> ACTIVITY
Retype the listing exactly. Leave out the images.

> SUPPLIED MATERIAL
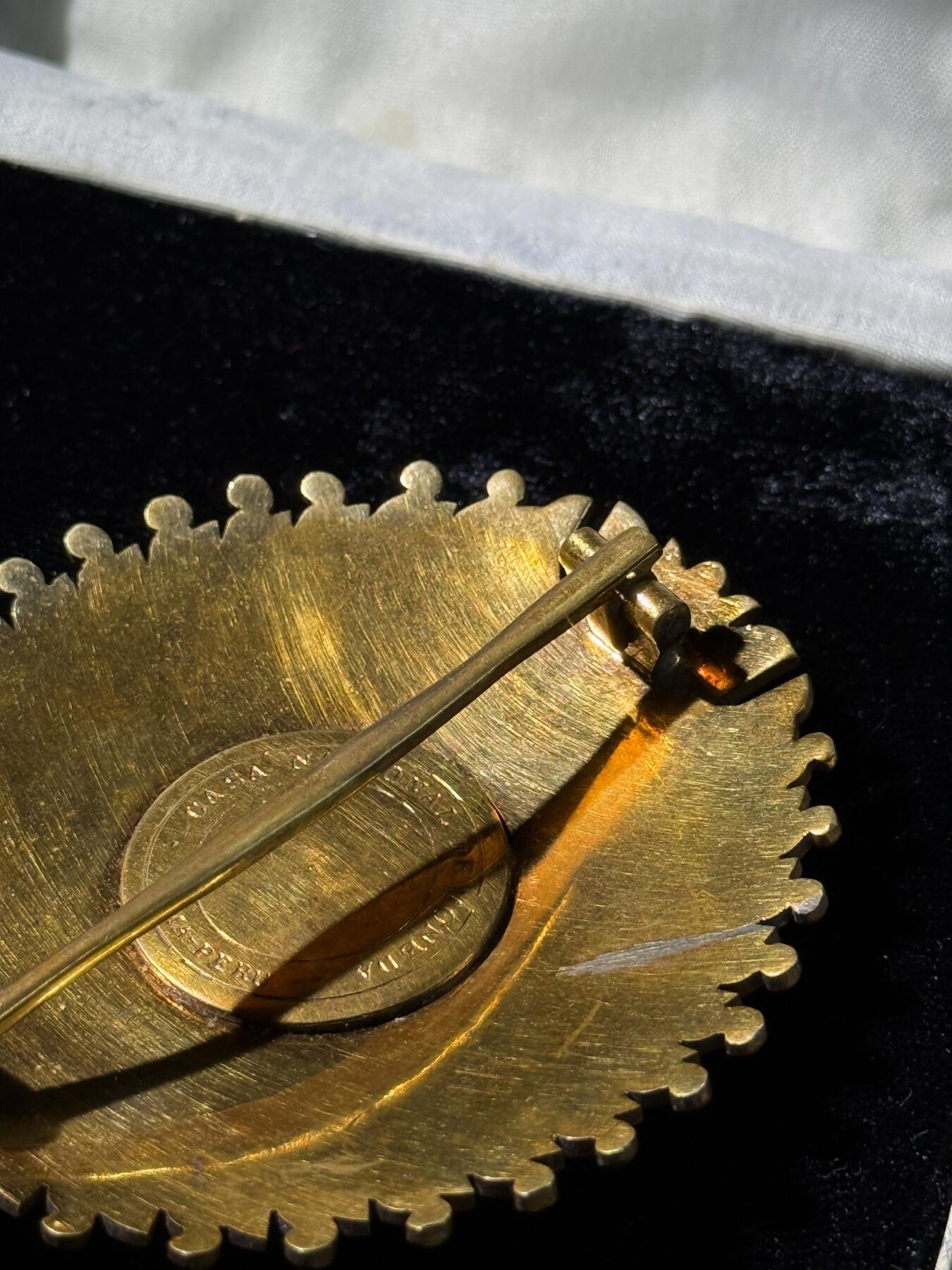 欢庆春节！戎马世界章牌大赏第111期春节大拍 秘鲁太阳勋章星芒章，早期银制版本，盒略齐全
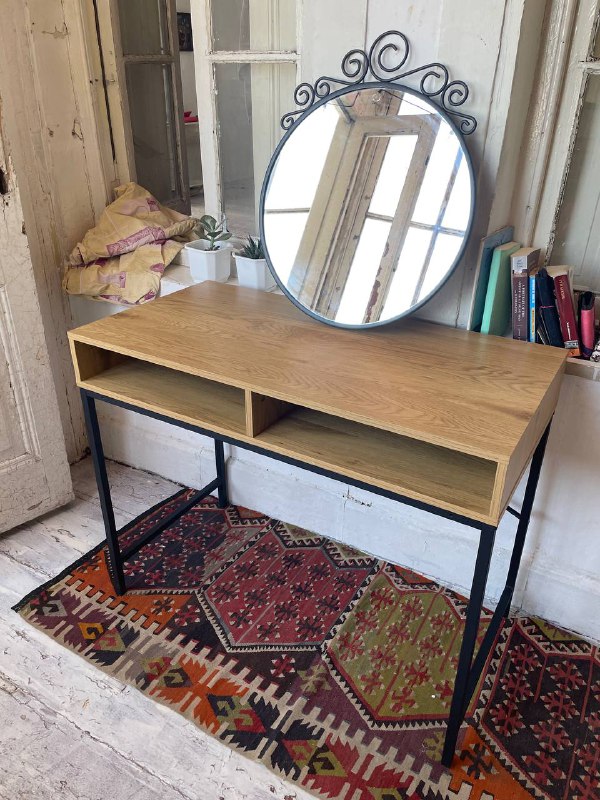 зеркало IKEA EKNE, письменный стол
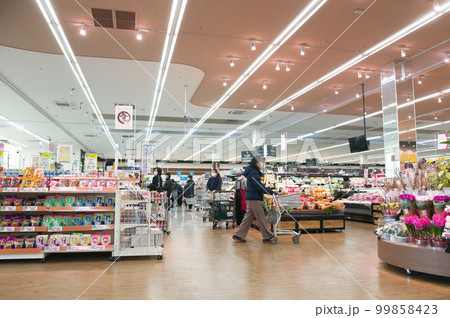2月・休日に妻とショッピング、物価上昇で食料品が値上がりのため節約する主婦 99858423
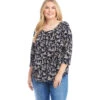 Plus Size 3/4 Sleeve Shirttail Top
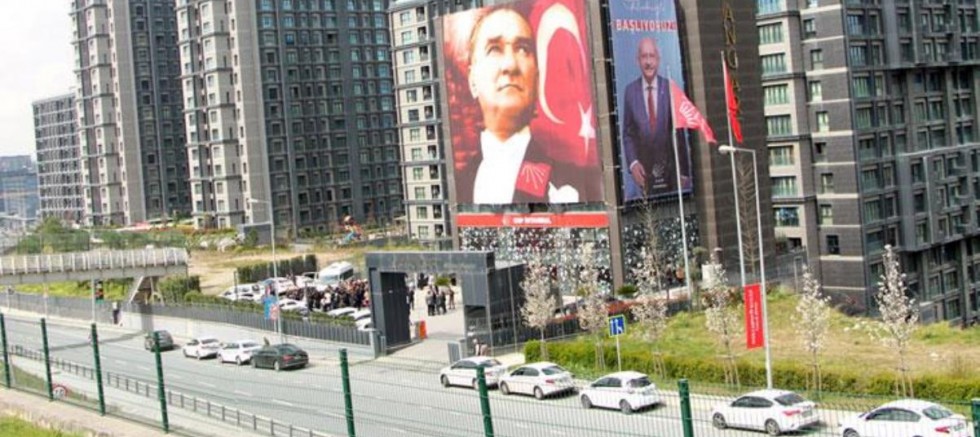 İstanbul Valiliği'nden CHP binasına saldırı iddiasıyla ilgili açıklama: Bir araçtan havaya ateş edildiği belirlendi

> RESPONSE FOR THIS EXERCISE
 欢庆春节！戎马世界章牌大赏第111期春节大拍 秘鲁太阳勋章星芒章，早期银制版本，盒略齐全
 зеркало IKEA EKNE, письменный стол
2月・休日に妻とショッピング、物価上昇で食料品が値上がりのため節約する主婦 99858423
 Plus Size 3/4 Sleeve Shirttail Top
 İstanbul Valiliği'nden CHP binasına saldırı iddiasıyla ilgili açıklama: Bir araçtan havaya ateş edildiği belirlendi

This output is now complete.